WORK REQUIRED
Give back every record exactly, with its pictures left out.

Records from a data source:
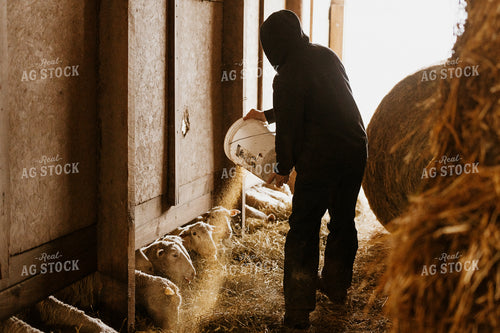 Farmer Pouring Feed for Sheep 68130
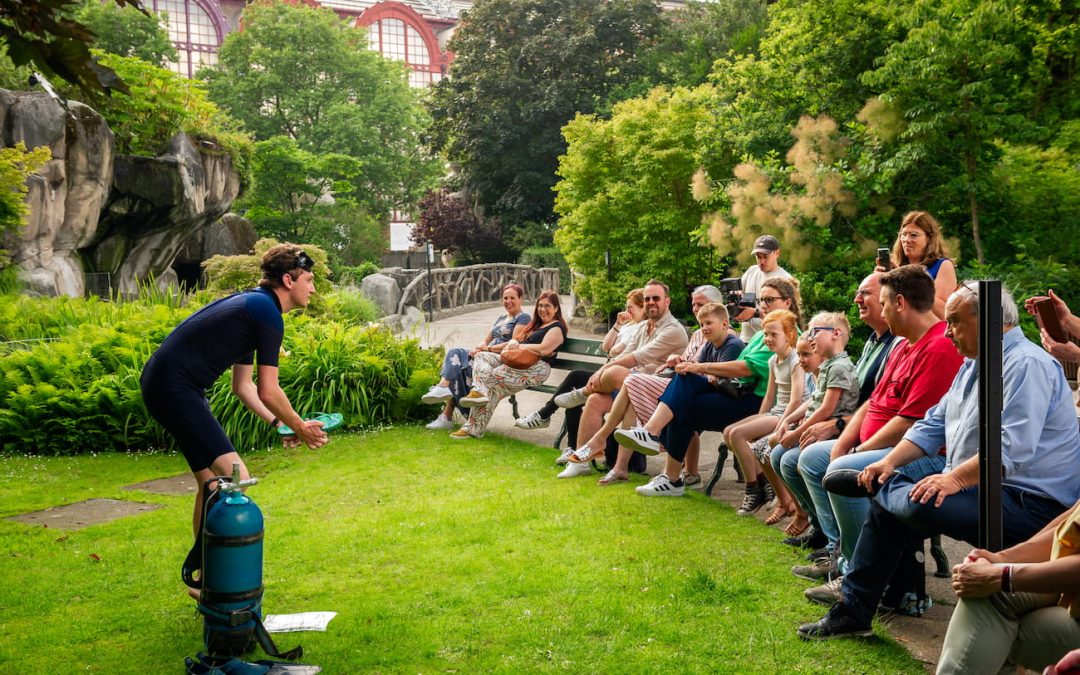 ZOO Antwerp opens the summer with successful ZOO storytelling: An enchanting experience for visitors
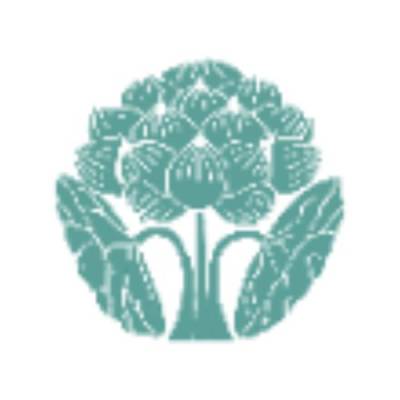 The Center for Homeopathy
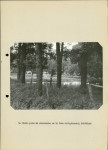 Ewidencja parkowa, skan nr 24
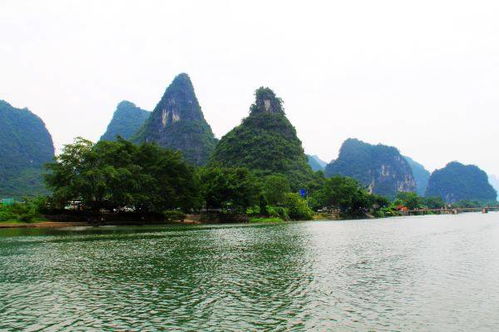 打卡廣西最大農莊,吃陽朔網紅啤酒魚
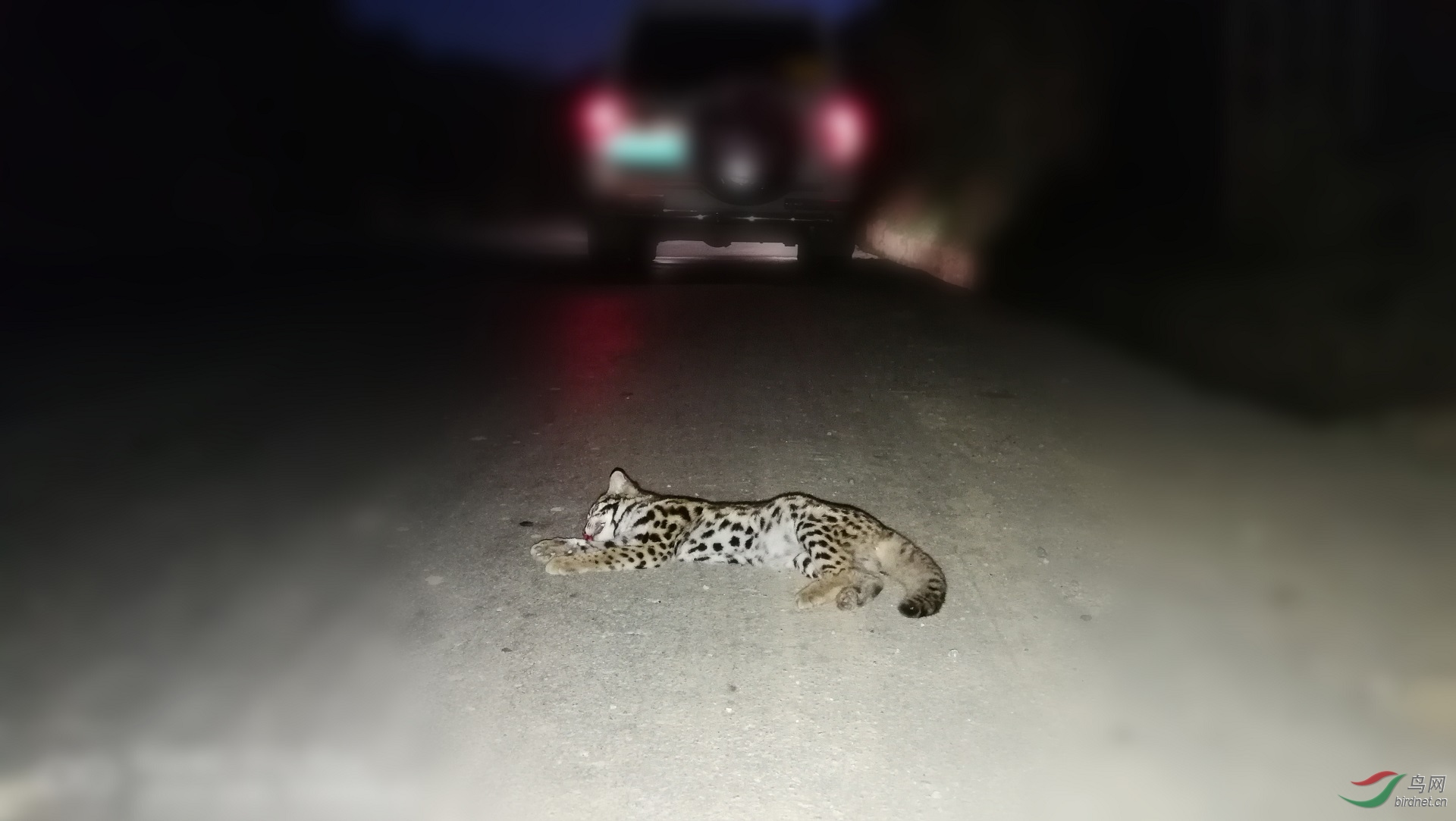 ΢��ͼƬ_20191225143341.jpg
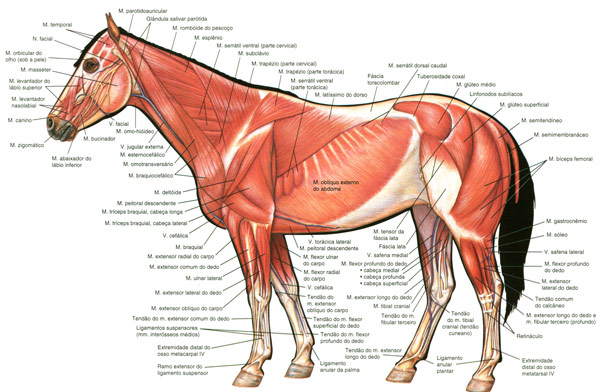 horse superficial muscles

EXERCISE SOLUTION
 Farmer Pouring Feed for Sheep 68130
 ZOO Antwerp opens the summer with successful ZOO storytelling: An enchanting experience for visitors
 The Center for Homeopathy
 Ewidencja parkowa, skan nr 24
 打卡廣西最大農莊,吃陽朔網紅啤酒魚
 ΢��ͼƬ_20191225143341.jpg
 horse superficial muscles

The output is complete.